• **To do**: What you return must match the listing below line for line, minus its pictures.
BEGIN Data
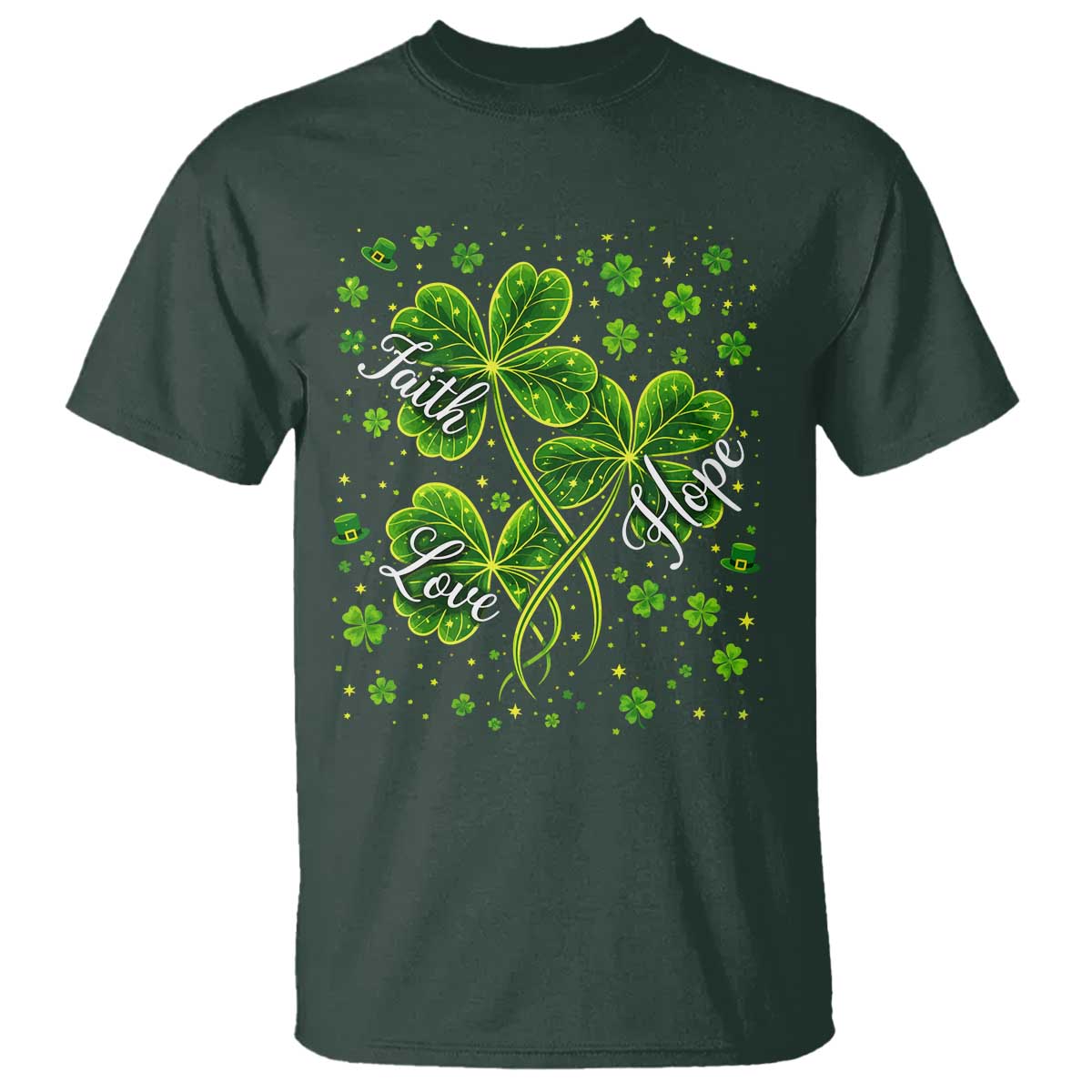 Four Leaf Clover Christian T Shirt Irish Lucky Shamrock Faith Hope Love Religious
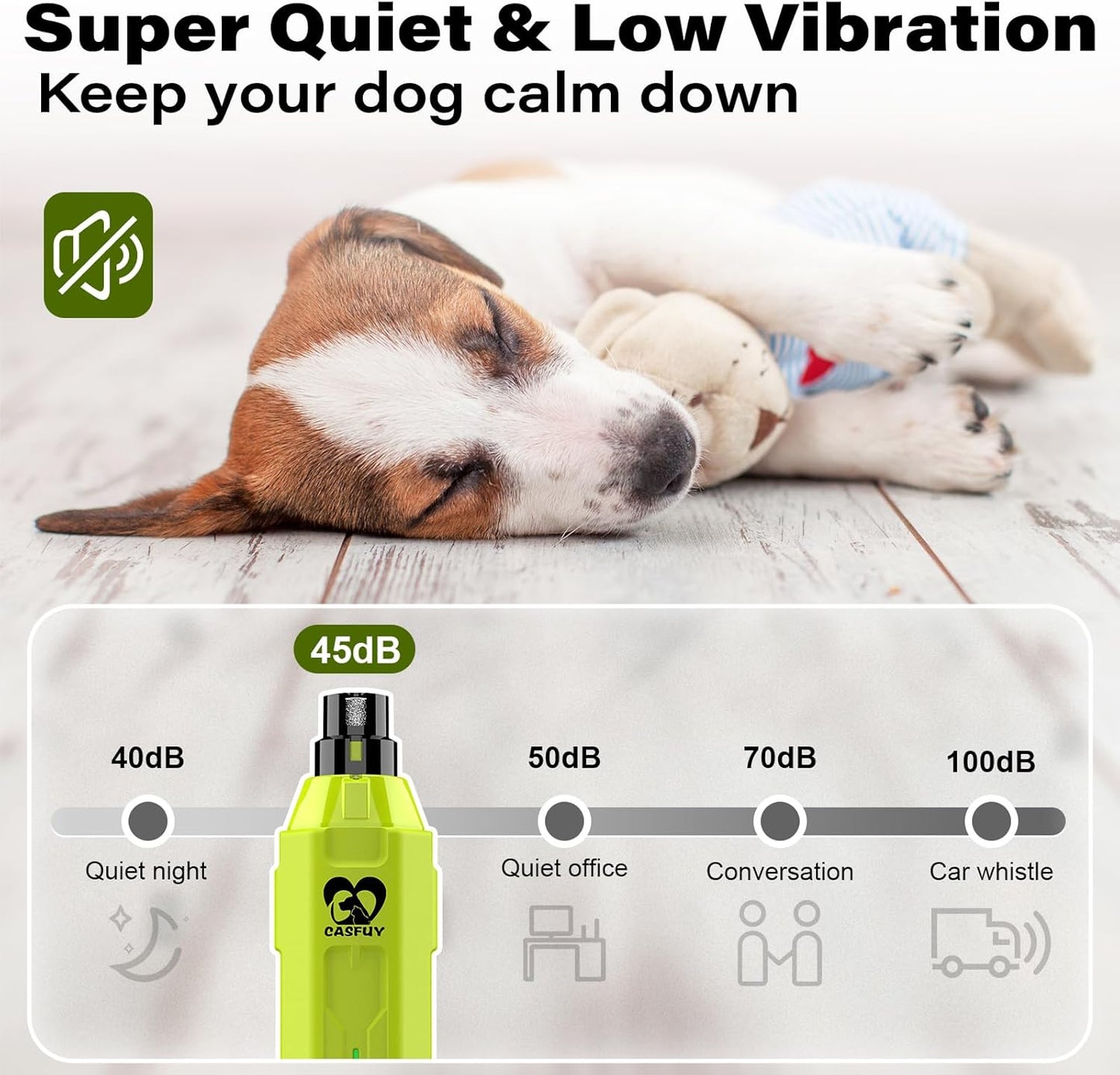 Casfuy 6-Speed Dog Nail Grinder - Newest Enhanced Pet Nail Grinder Super Quiet Rechargeable Electric Dog Nail Trimmer Painless Paws Grooming & Smoothing Tool for Large Medium Small Dogs (Green)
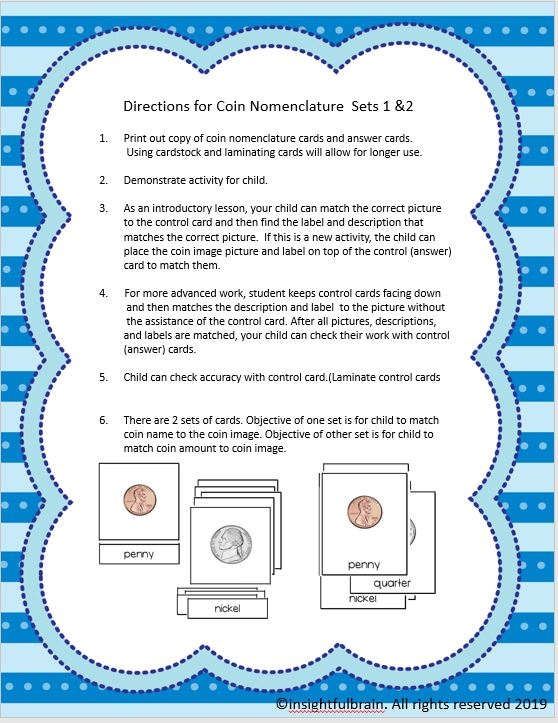 Coin Nomenclature Cards (2 sets)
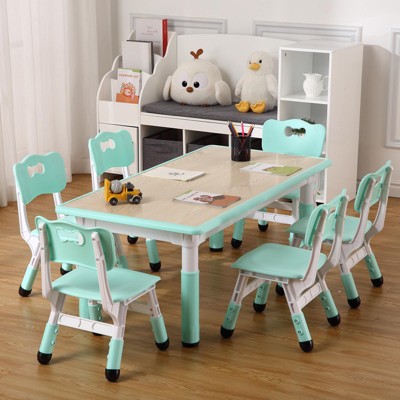 Kids Table and Chairs Set, Height Adjustable Desk with 6 Chiairs, Arts Crafts Table, Children Activity Table for Classrooms, Daycares, Home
END Data
• **Solved exercise**:
 Four Leaf Clover Christian T Shirt Irish Lucky Shamrock Faith Hope Love Religious
 Casfuy 6-Speed Dog Nail Grinder - Newest Enhanced Pet Nail Grinder Super Quiet Rechargeable Electric Dog Nail Trimmer Painless Paws Grooming & Smoothing Tool for Large Medium Small Dogs (Green)
 Coin Nomenclature Cards (2 sets)
 Kids Table and Chairs Set, Height Adjustable Desk with 6 Chiairs, Arts Crafts Table, Children Activity Table for Classrooms, Daycares, Home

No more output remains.